Wednesday, January 23, 2008

PBS launches a nice Online Playground, and charges toll.

Is it just me, or is PBS, the not-for-profit network/channel, doing an end-around with their new site PBS Kids Play? For $9.95 a month, or $79 a year, your child can go online and play games much like those they buy on discs, with characters that they see on PBS. It looks like a very nice, very well done site, with a progress chart to let parents know that the time they spent ignoring their children was well spent. If I sound a little cynical, it is because the whole article about it in USA Today gave me a bad feeling.

I first read about the site from an RSS feed at 901 AM to USA Today . First of all, I'm not completely ignorant of the laws of economics, I know they have to find some way to pay for it, but aren't they supposed to do that with their endless begging like they do for television? The article says that free membership may be offered to donors. The site is supposed to be ad-free, so there has to be something to support it, but the tone is not one of a not-for-profit organization.
PBS Kids senior vice president Lesli Rotenberg says charging for online programming is "a new direction that is much more convenient for consumers" than packaged media such as CD-ROMs.

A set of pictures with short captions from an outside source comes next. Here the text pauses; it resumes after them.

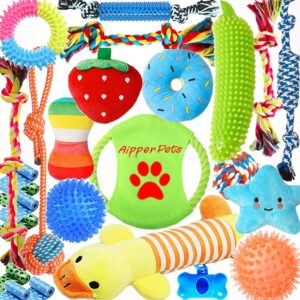 Pack de 18 Juguetes para Perros y Cachorros | Kit Completo de Entrenamiento y Dentición | Incluye Cuerdas, Pelotas, Mordedores y Juguetes con Sonido | Set de Regalo Premium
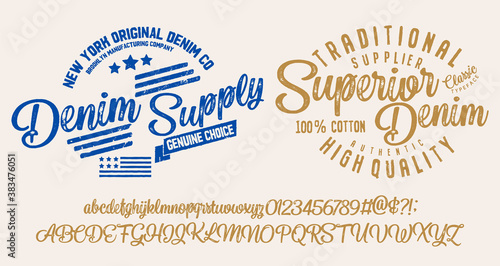 Hand drawn calligraphy typeface for logos.Outdoor poster advertising inspired font.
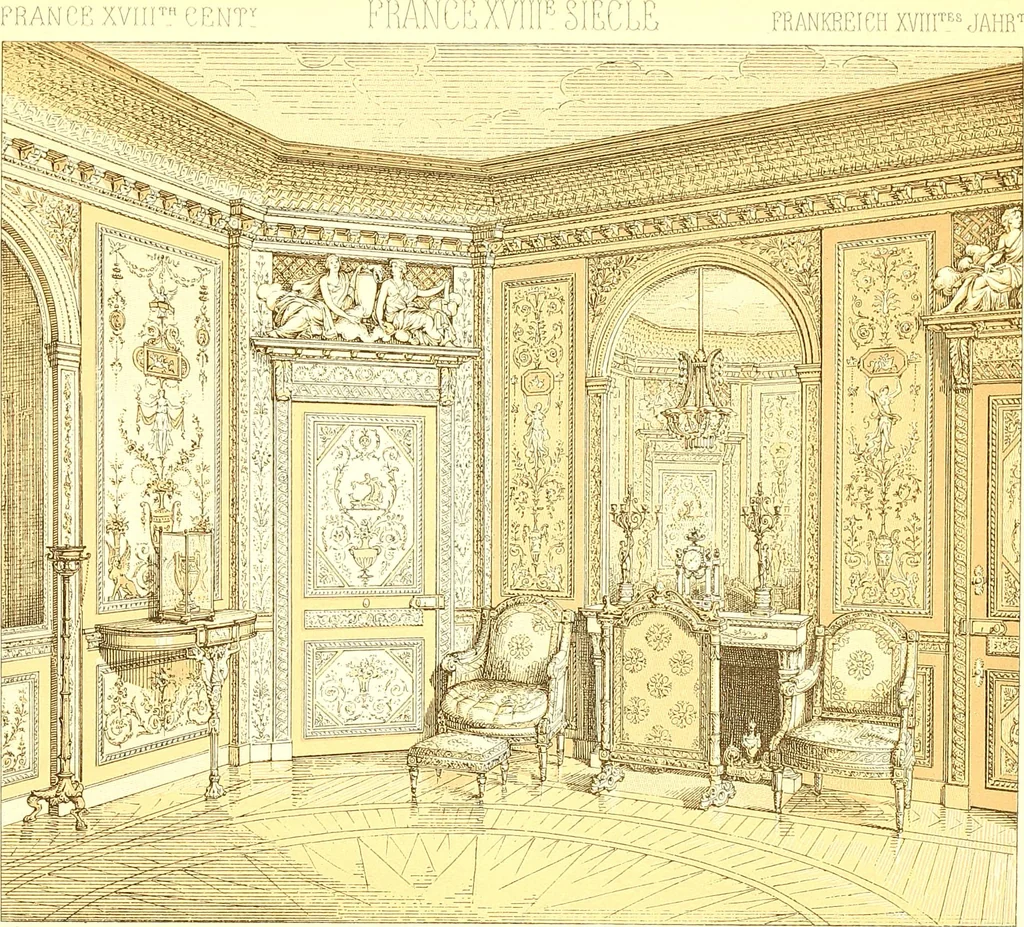 An illustration from Le costume historique. Cinq cents planches, trois cents en couleurs, or et argent, deux cents en camaieu. Types principaux du vêtement et de la parure, rapprochés de ceux de l'intérieur de l'habitation dans tous les temps et chez tous les peuples, avec de nombreux détails sur le mobilier, les armes, les objets usuels, les moyens de transport, etc, 1888, leaf 460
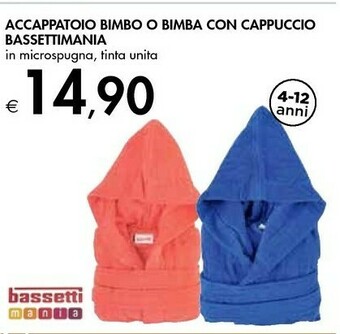 Bennet Bassettimania Accappatoio Bimbo O Bimba Con Cappuccio offerta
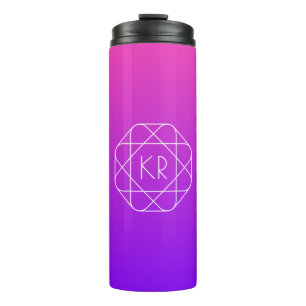 Cool Geometrisches Monogramm Magenta Lila Violet Thermosbecher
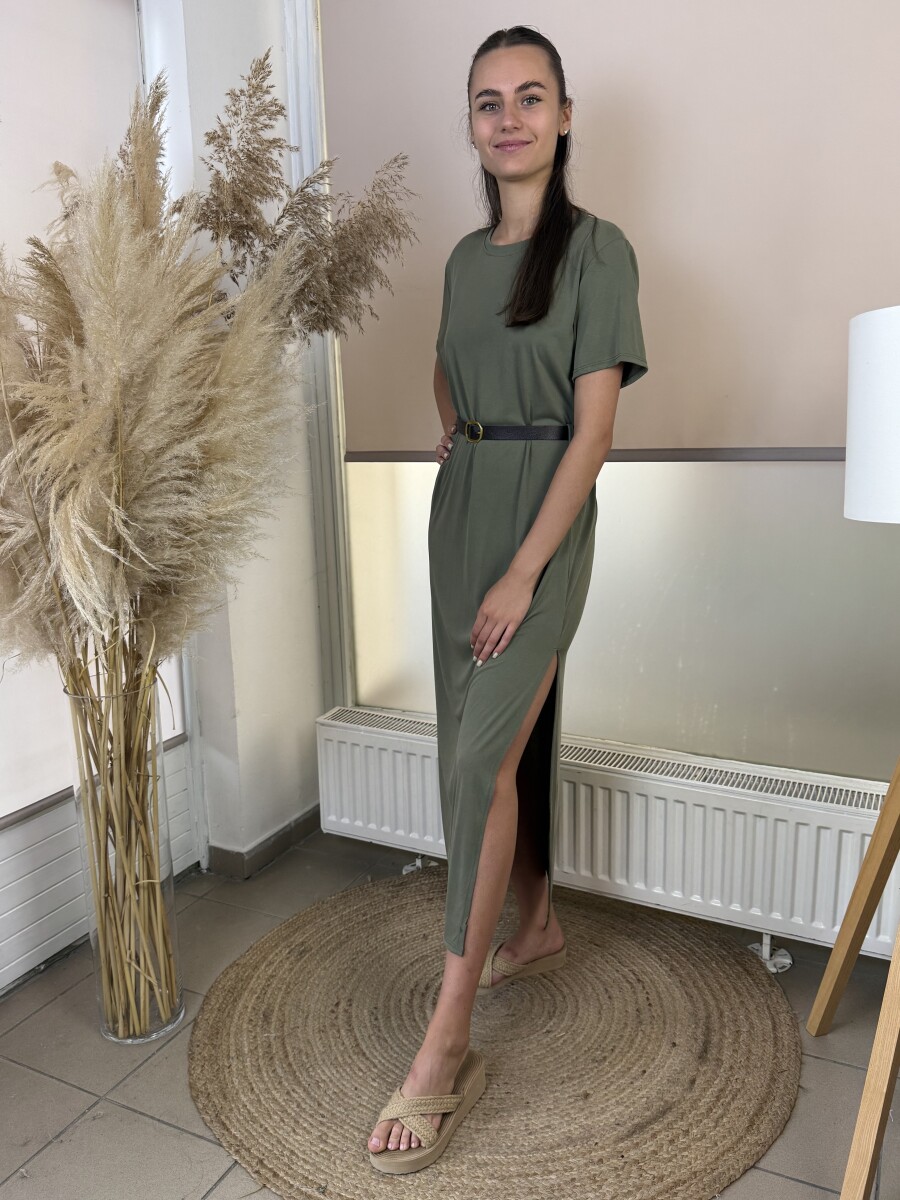 Maxi pólóruha - khaki - Kép 2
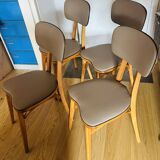 4 Bistro Chairs, Medium Varnished Oak (Baumann), Compass Legs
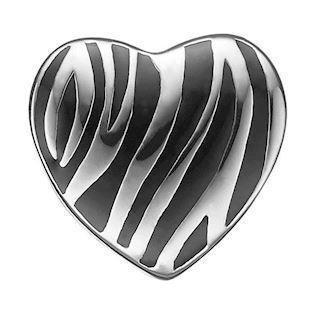 Køb dit  Hjerte med sort og sølv zebrastriber fra Christina smykker hos Ur-Tid.dk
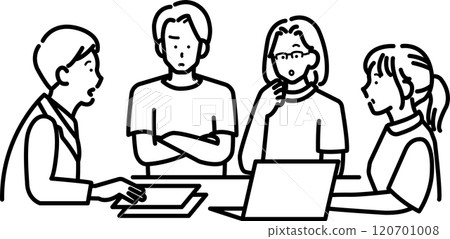 醫療團隊會議插圖 - 僅畫線 醫療團隊會議插圖 - 僅畫線 120701008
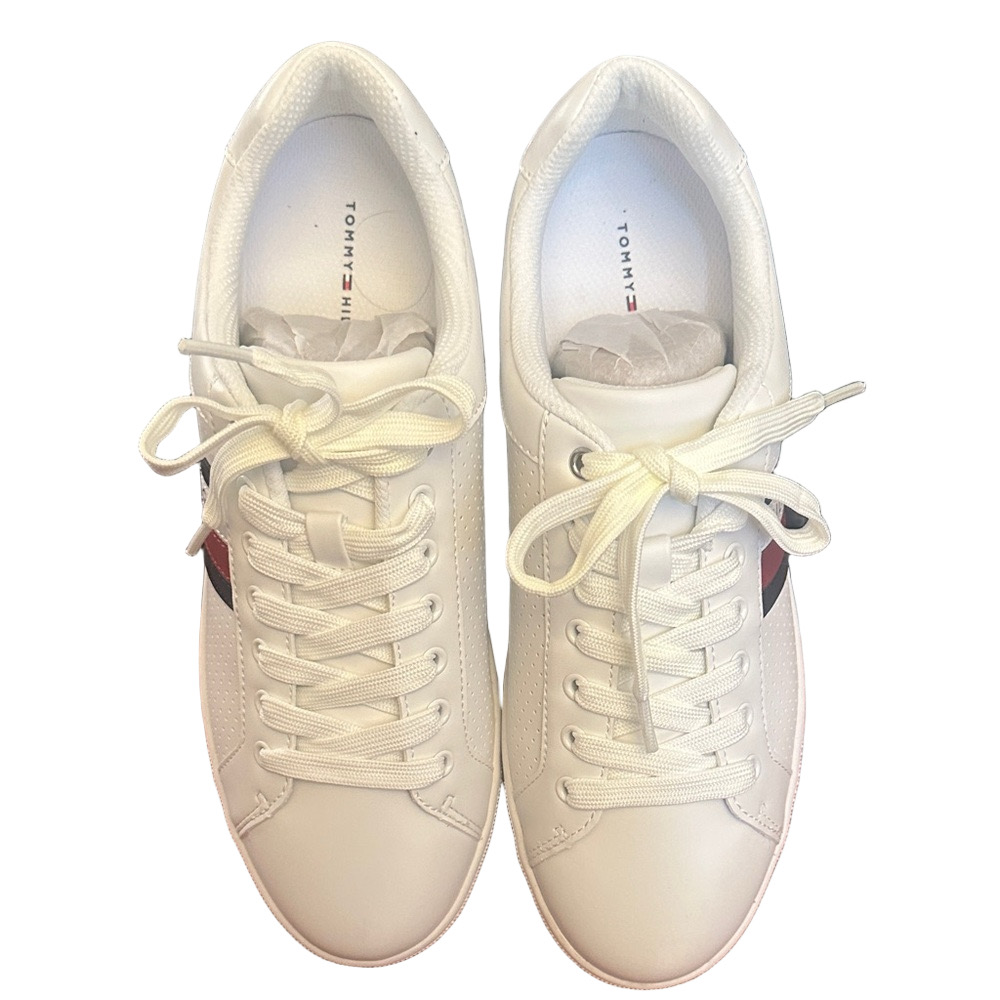 Tommy Hilfiger Men's White and Red Sneakers - Picture 2 of 10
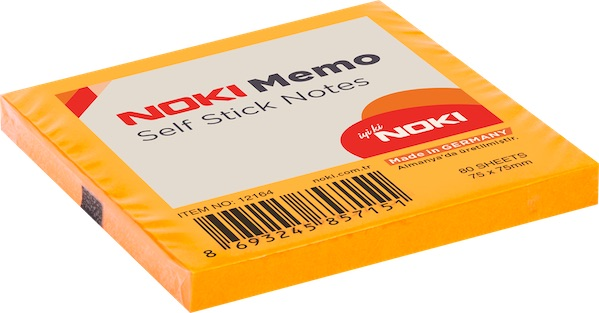 Noki Yapışkanlı Not Kağıdı 75x75 mm 80 Yaprak Turuncu 12164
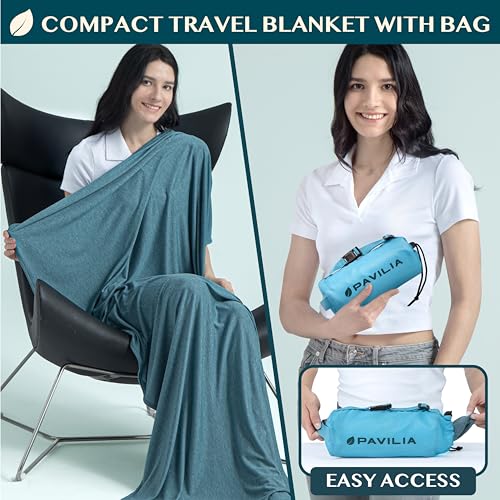 Travel Blanket Airplane Compact with Bag Lightweight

"This is an evolution," she says. "It's a new way to do business. And the public has always been very accepting of PBS being able to take profits from the sale of products and put them back into its media." - USA Today
The article goes on quoting the PBS executive, saying that to get this quality content, you are going to have to pay-for-it. I have two problems with that:
  • Why? Hasn't the online community found ways around that in every other area? Sure there are premium memberships, but good content is offered all over for free(period).
  • Why is PBS jumping up to start taking a profit? Though I realize it is big money and they deserve to get profits for their programming, $9.95 a month is excessive, on a Disney, Pixar or Warner Bros level.
This is a soon-to-be lucrative area. All of the fore-mentioned players are stepping up to the plate, and PBS should be playing the modest, for-the-good-of-the-kids providers. If the rationale is that only well-to-do families will have access to this area.. wake up, every child should have this access, without Mommy and Daddy having a gold card.